• [Source data]:
* * *

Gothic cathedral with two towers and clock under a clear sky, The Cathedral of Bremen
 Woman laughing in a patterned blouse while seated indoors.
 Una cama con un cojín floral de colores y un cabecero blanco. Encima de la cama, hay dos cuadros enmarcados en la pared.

* * *

• [Requirement]:
Please retype the data above exactly, including every line.

• [Result of the task]:
Gothic cathedral with two towers and clock under a clear sky, The Cathedral of Bremen
 Woman laughing in a patterned blouse while seated indoors.
 Una cama con un cojín floral de colores y un cabecero blanco. Encima de la cama, hay dos cuadros enmarcados en la pared.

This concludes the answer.